Come ho detto prima, non amo le etichette, di nessun tipo, quindi ritenermi anarchico mi starebbe stretto, piuttosto mi diverte la definizione di anarcoide. I centri sociali li frequento quando capita di suonarci, nella mia città non ci sono...comunque difendo eccome la possibilità di crearli! Non sempre però condivido l'uso che se ne fa. Alla fine penso solo che non è il caso di mettere la testa sotto la sabbia, è molto importante informarsi di come stanno le cose sul nostro pianeta. Le possibilità ci sono: giornalisti indipendenti, internet, scrittori, letteratura... si tratta poi di prendere una posizione, tutto qua. Usare la propria testa mi pare importante quanto l'uso delle gambe, perciò usiamola! Se per me l'unica fonte di informazione fosse la televisione o i quotidiani, allora è pacifico che subirò una manipolazione. Ci sono tante informazioni documentate che non possono lasciare indifferenti. Nel film “Matrix” si parlava di una pastiglia per vedere il mondo come realmente appare: assunta la quale nulla sarebbe tornato com'era... È una ottima metafora: quella pastiglia si chiama informazione. Nel mondo, meno di 400 persone hanno il denaro equivalente di tutti gli altri abitanti messi insieme... non si riesce neppure ad immaginare delle cifre del genere: insomma non serve essere comunisti o anarchici per vederci qualcosa di semplicemente disumano, no? Penso pure che il nostro sistema di vita sia intollerabile, non solo insostenibile. Bisognerebbe sapere chi stiamo ascoltando quando siamo davanti alla tv, altrimenti finiremo con l'applaudire qualcuno che meriterebbe tutt'altra attenzione!
Viviamo in un caos che qualcuno ci organizza per bene... Ma non serve opporvi violenza, solo la consapevolezza di ciascuno di noi spazzerà via tutta questa porcheria...In altre parole sento molto il valore della libertà individuale. Un ricercatore contemporaneo che ho trovato molto stimolante da leggere è l'inglese David Icke, oppure la rivista indipendente “Nexus” che, a fronte di una grafica poco gratificante, diffonde notizie interessantissime...

Riesci a vivere di musica? Come riesci a conciliare tutto quello che fai ora?
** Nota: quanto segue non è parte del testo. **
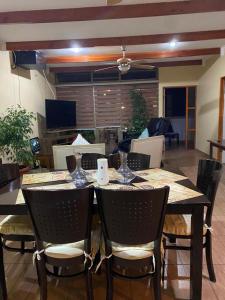 a dining room with a table and chairs at CASA VILLA AZUL 3 PISOS in Antofagasta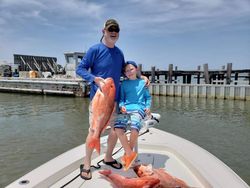 Anglers catching a big fish in Alabama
Vivere di musica improvvisata e d'avanguardia è assai difficile! Ci si ritrova davvero fuori dagli schemi: non essendo musica commerciale il pubblico è sfortunatamente poco e questo significa subire delle penalizzazioni economiche: in particolare in Italia dove non ci sono soldi; gli organizzatori non ne hanno, i festivals sono al verde, i locali e i club non investono in queste musiche, il denaro pubblico messo a disposizione dalle istituzioni è praticamente nullo. Le conseguenze di tutto questo si possono immaginare facilmente... quindi ai musicisti non rimane che arrotondare insegnando musica o suonando in altri progetti più convenzionali, etc. Io non arriverei a fine mese se non facessi anche il grafico free lance (la grafica è la mia seconda passione). Essere coinvolti in queste musiche non è uno scherzo... ma è sempre stato così e la storia della musica è lì a ricordarlo! Ho rifiutato alcuni ingaggi in gruppi molto noti che mi avrebbero permesso di guadagnare dei bei soldacci a fine mese, ma avrei finito col trascurare la mia musica e Setola di Maiale. In generale le cose un po' cambierebbero se i media dedicassero più attenzione a queste musiche ed ai suoi musicisti, ma quando lo fanno preferiscono parlare della scena di New York o di Tokyo... quindi è una vera fortuna trovare persone come te che se ne occupano... evviva!